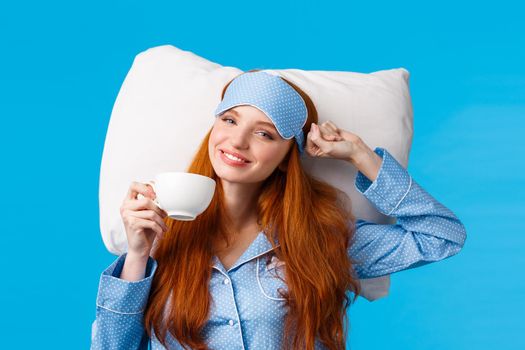 Perfect morning of princess. Cheerful, tender redhead woman with long ginger hair, wearing sleep mask and pyjama, stretching in bed feeling fresh and energized, drink morning coffee, blue background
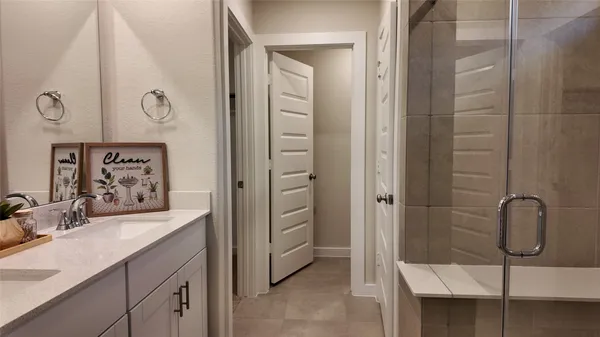 a bathroom with a granite countertop sink a mirror and shower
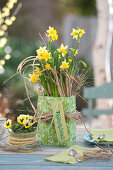 Narcissus 'Tete a Tete', decorated with grass, as a gift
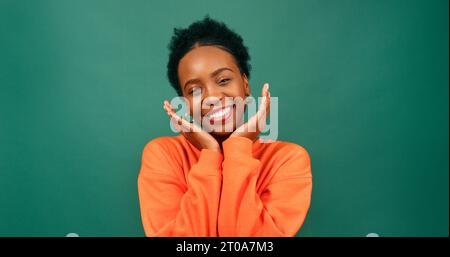 Beautiful Black woman cups hands under chin in cute pose, green studio Stock Photo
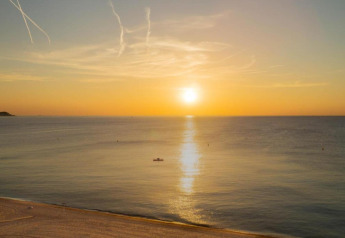 Zonsondergang over de zee bij Camping Interpals- Bungalow Sa Riera in Spanje, serene strand en kalm water.
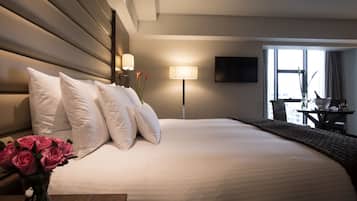 A hotel room with a large bed, white pillows, a bedside table with a vase of flowers, a lamp, and a TV on the wall.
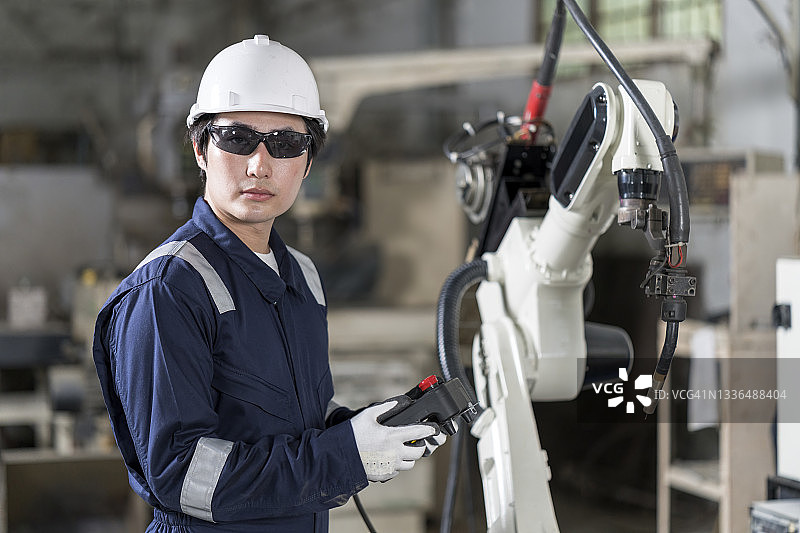 男工业工程师手拿数字控制器站在金属工厂的机器人焊接机旁边。图片素材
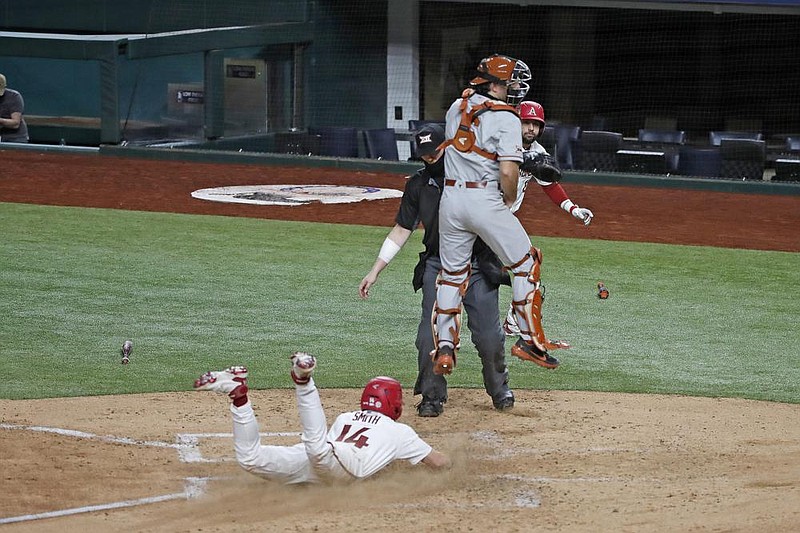 21 February 2021:   First baseman Cullen Smith (14)  of the Arkansas Razorbacks scores the first run on Brady Slavens hit during their game against Texas during the 2021 State Farm College Baseball Showdown baseball game at Globe Life Field in Arlington, Texas.  Photo by James D. Smith
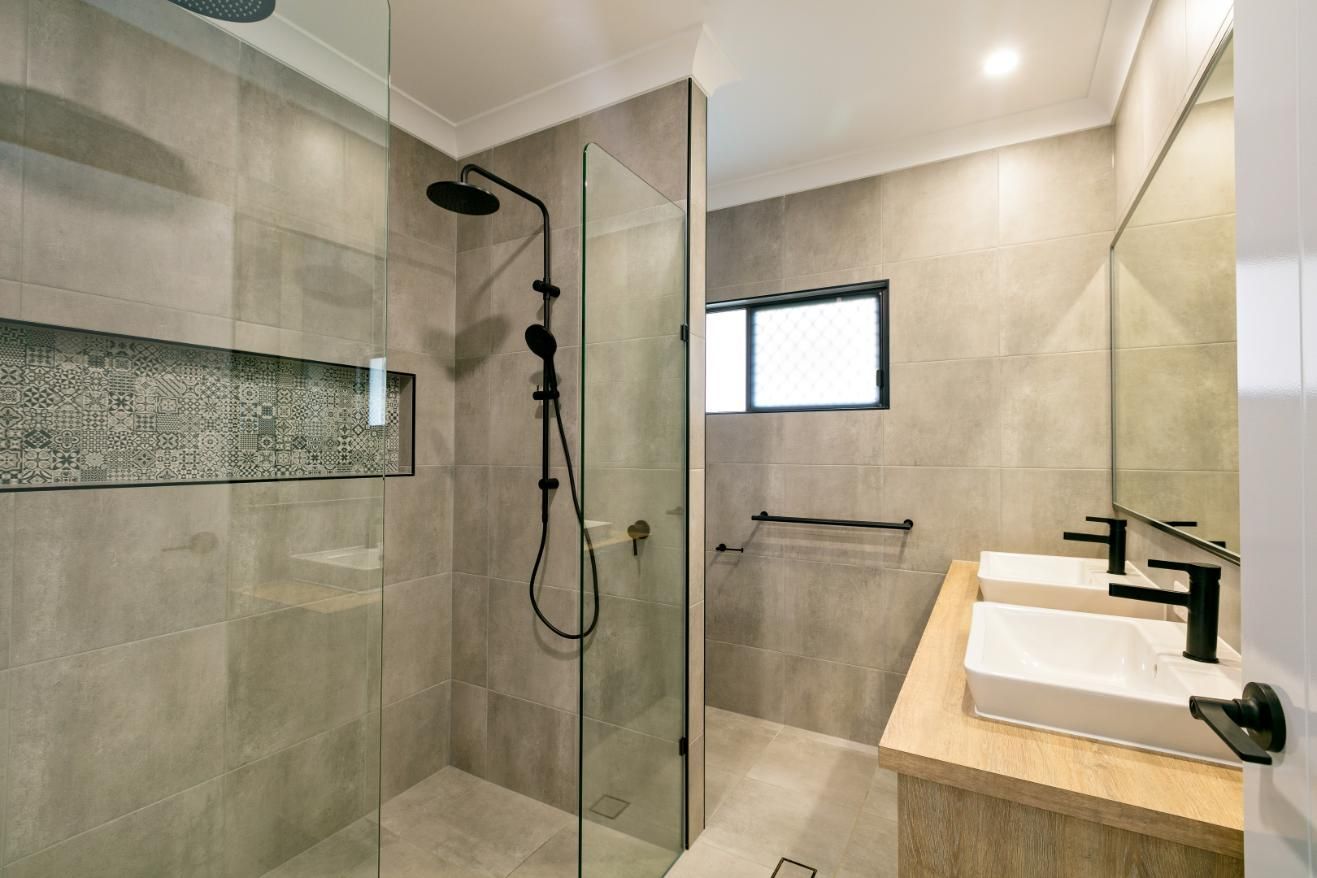 A Bathroom With a Walk in Shower and Two Sinks — Ashlee Jones Homes in Gordonvale, QLD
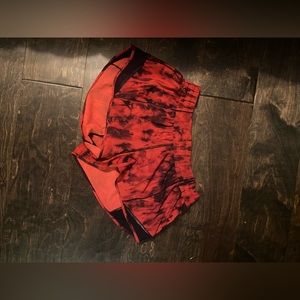 lululemon hotty hot shorts: red and black tie dye size 10 length 2.5’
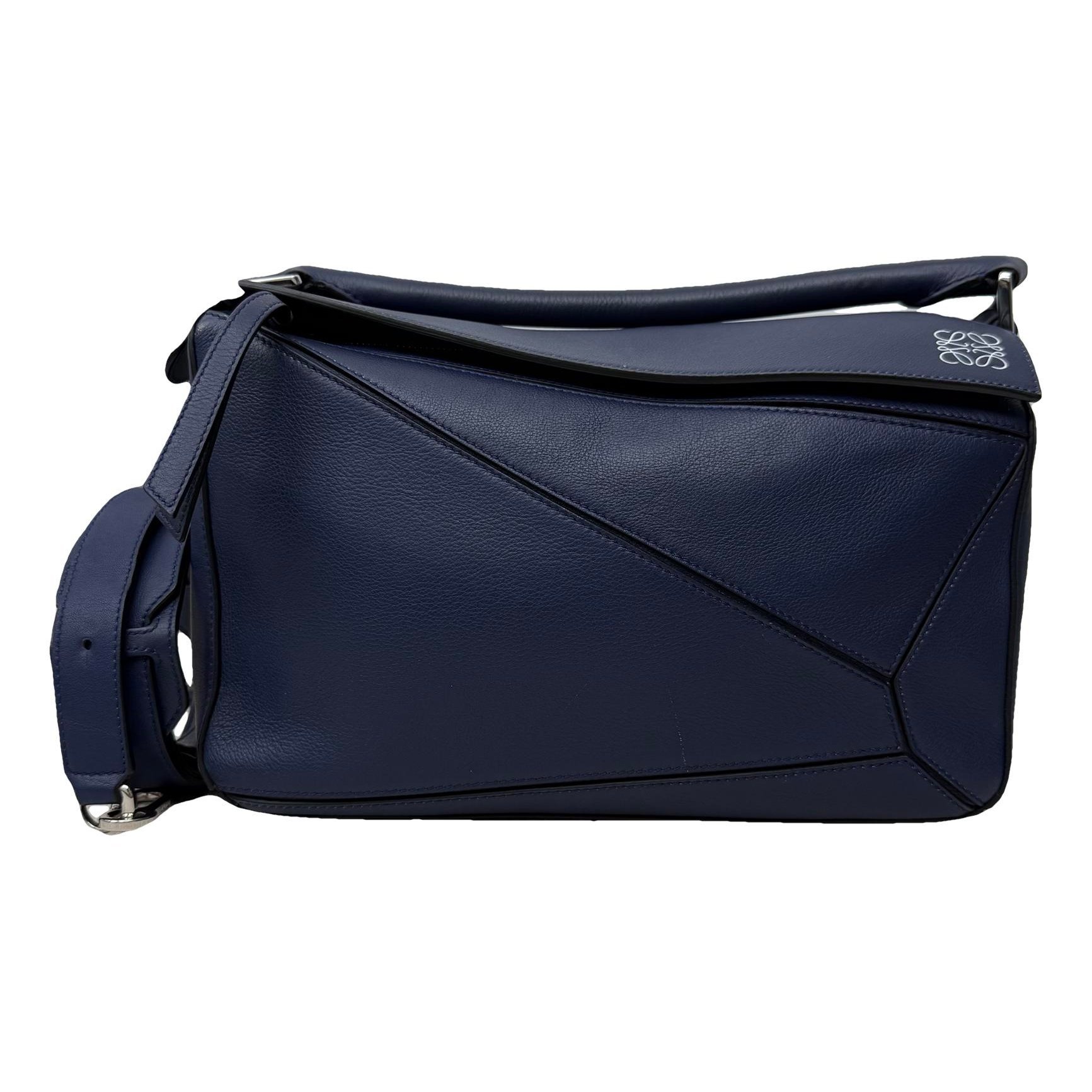 Puzzle leather handbag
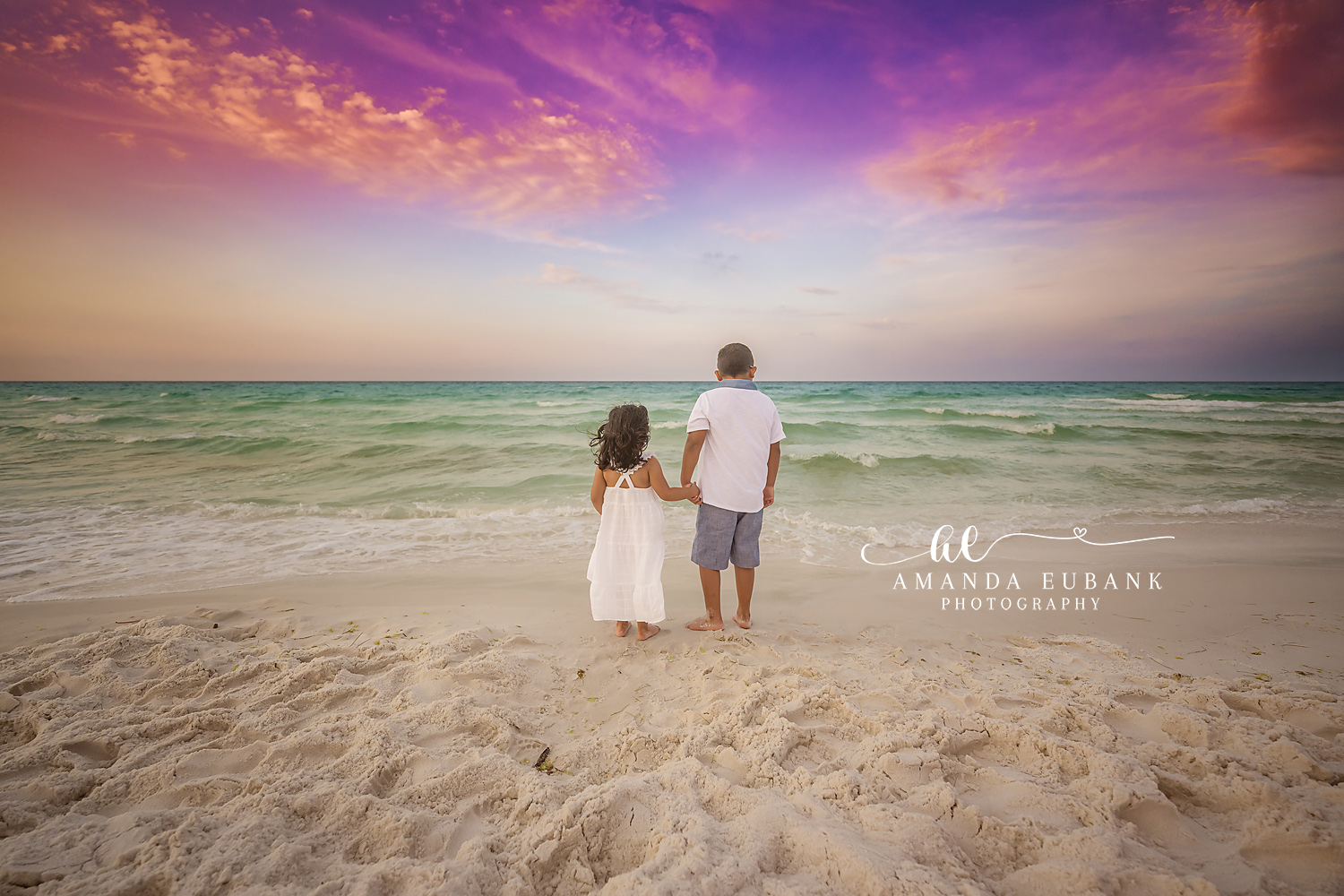 Two Kids at the Water’s Edge | Tampa Children’s Photographer Two children standing hand in hand at the water's edge beneath a purple sky during a children’s portrait session in Tampa, Florida.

§ Assigned task: Here the job is to copy the stretch of records from the line containing "Beautiful Black woman" through the line containing "A hotel room", word for word. Leave every picture out.

§ Reply to the exercise:
 Beautiful Black woman cups hands under chin in cute pose, green studio Stock Photo
 Zonsondergang over de zee bij Camping Interpals- Bungalow Sa Riera in Spanje, serene strand en kalm water.
 A hotel room with a large bed, white pillows, a bedside table with a vase of flowers, a lamp, and a TV on the wall.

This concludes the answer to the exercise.